Canadish said:
The other problem with that is that the current attitude held is that "Only Men can rape" and to suddenly have it so that all sex is illegal unless the girl agrees later that it was consentual...it's going to leave men paranoid about having causal sex because he might be getting into bed with "that girl" who's vindictive monster who has the legal power to ruin his life at a whim.
That's just not a healthy thing for people to constantly have to worry about.
Sex doesn't need to be anymore terrifying for a guy, on top of the fear of getting a girl pregnant, or performance issues, or whether he'll mess up.

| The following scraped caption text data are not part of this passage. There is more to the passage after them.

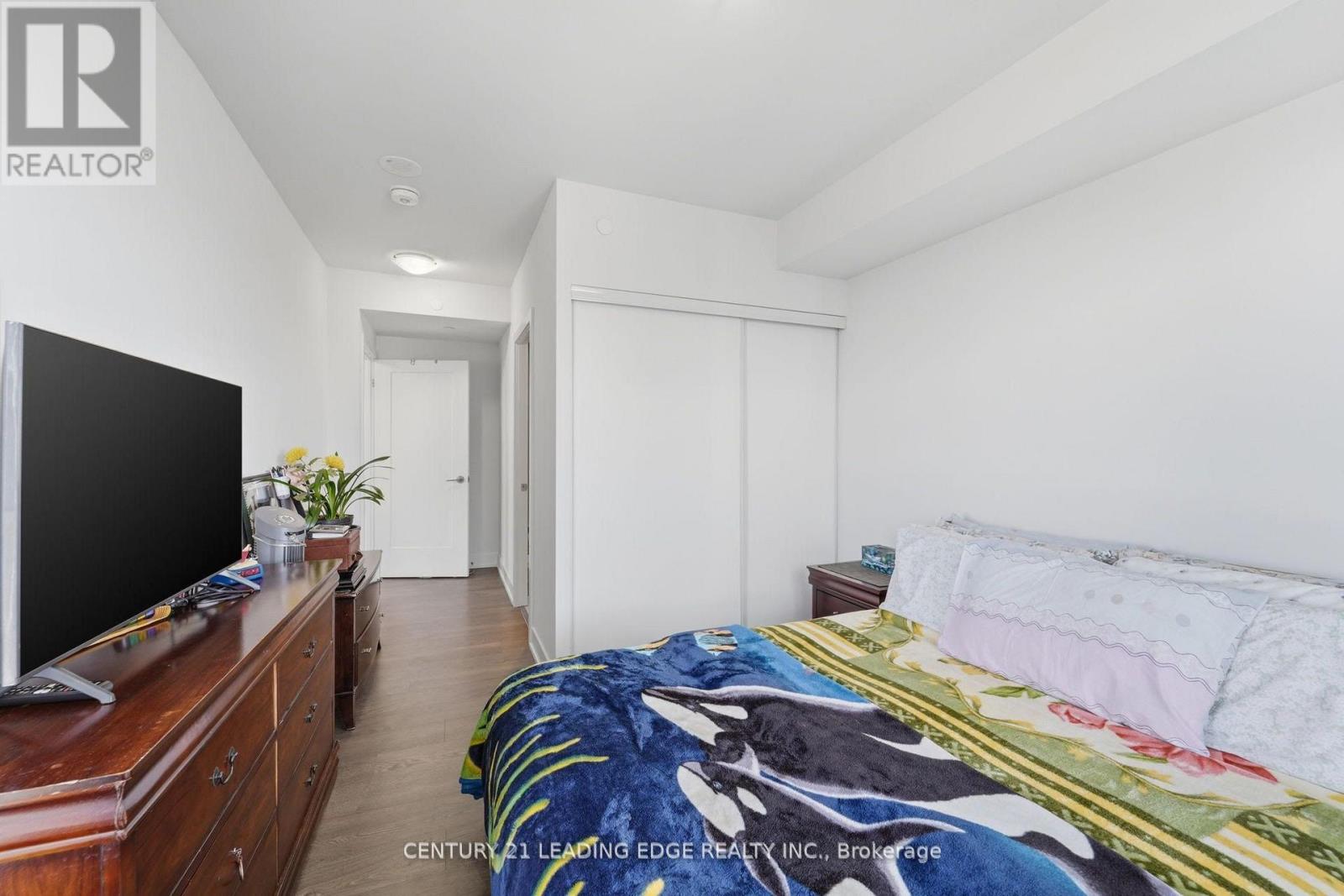 2516 - 2550 Simcoe Street N, Oshawa, Ontario L1L 0R5 - Photo 4 - E13640380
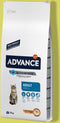 Advance - Adult Chicken Rice Kattenvoer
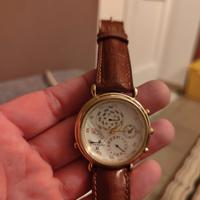 orologio vintage Festina 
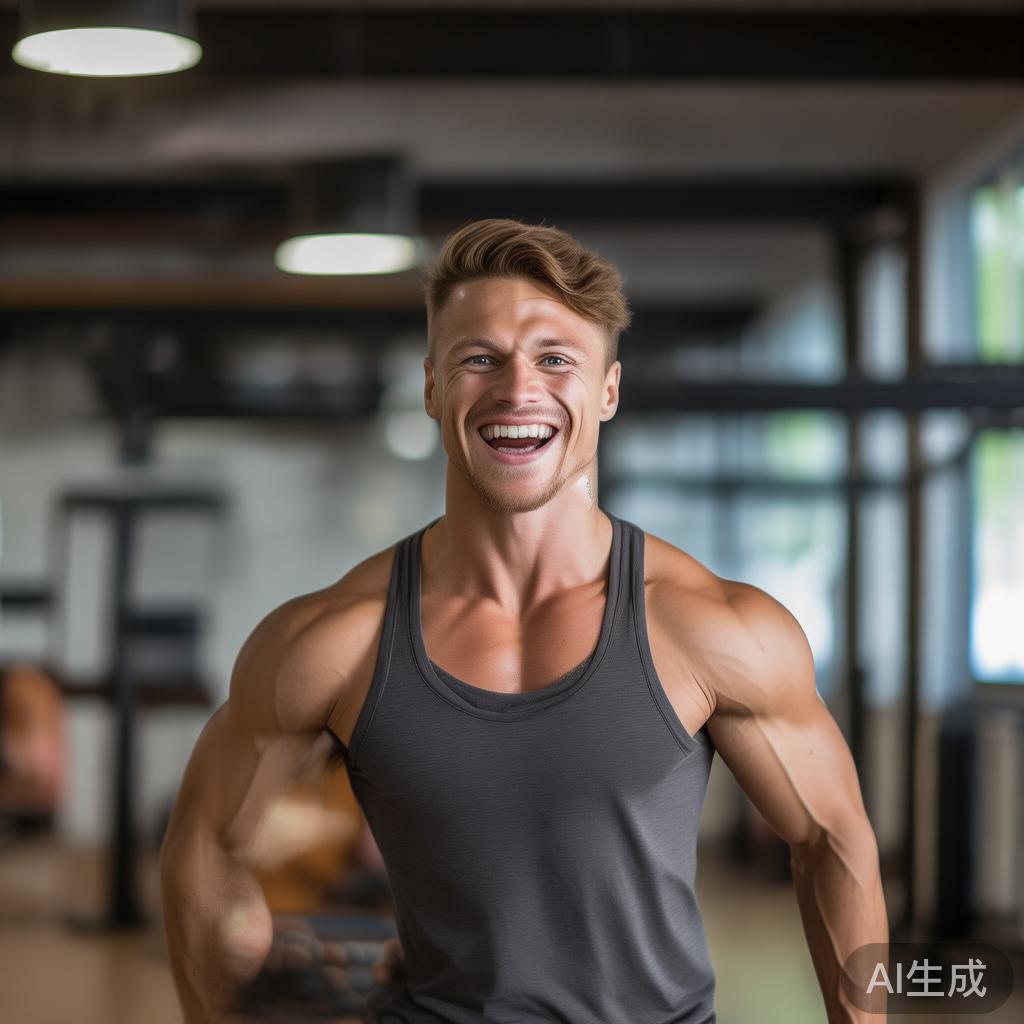 小红书怎样流量变现插图1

It's shit, but sexual fear is everywhere in society. Think rape accusations are scary? Rape itself is scarier. For women in the casual dating scene (and pretty much everywhere else), it's also a real and worrying threat. I agree, sexual fears are not healthy for people to be constantly worrying about, but as it stands they're out there for everybody. I'm not saying this to devalue what you've said, because what you've said is important, but rather I want to add on that with how society handles sex, the whole thing is pretty damn scary for everybody.
But
this is why consent is so important. This is why you should make sure you get a 'Yes', 'Oh god yes' or 'MORE! YES! FUCKING HELL, YES!' every time you have sex. With a long term partner, trust and experience can let this be as simple as a body signal. Worried about sleeping with somebody who will abuse your trust? Make sure you have their consent, make sure they're comfortable and that they're sane before you even undo your belt. If you don't feel safe having sex with this person, then you can say no as well, your consent is just as important. Every worry you listed above is real and important, and if you're having any of them before sex, you should think about whether you really consent to sex with this person. It's not just about your partner's comfort! Protect yourself; If your partner isn't horny, happy and as ready as you are (Or if you're not as rarin' to go as them!) don't press on regardless, because there is a lot to worry about with sex, and consent and understanding are the only real defenses. I say all this in general, rather than directed at you Canadish, as I have no idea about your sex life and I wandered off topic a bit. I'd hope it was good advice for everyone regardless.
Let's face it, do you really want to have sex with somebody reluctant? That's shitty sex right there. In the name of awesome fucking and sexual safety, make sure to get that loud, clear Yes. Consent should be something we strive for, because true consent is the best defense against most of what we fear from sex. Consent isn't something you should try to get so you can prove your innocence in a courtroom, consent is something you should make damn sure you have so you never worry about ending up in one.
Also, happy sex is best sex.
TL;DR - It doesn't matter if her 'not saying no' means yes or not if your standard for good, safe, awesome sex is a loud and clear 'YES!, however that may be communicated (and if you don't know this person well, ask and make sure no matter what!). It's safer, it's funner-er! It's sexier! Seriously, what's not to love? Unsure sex is shitty, anyway.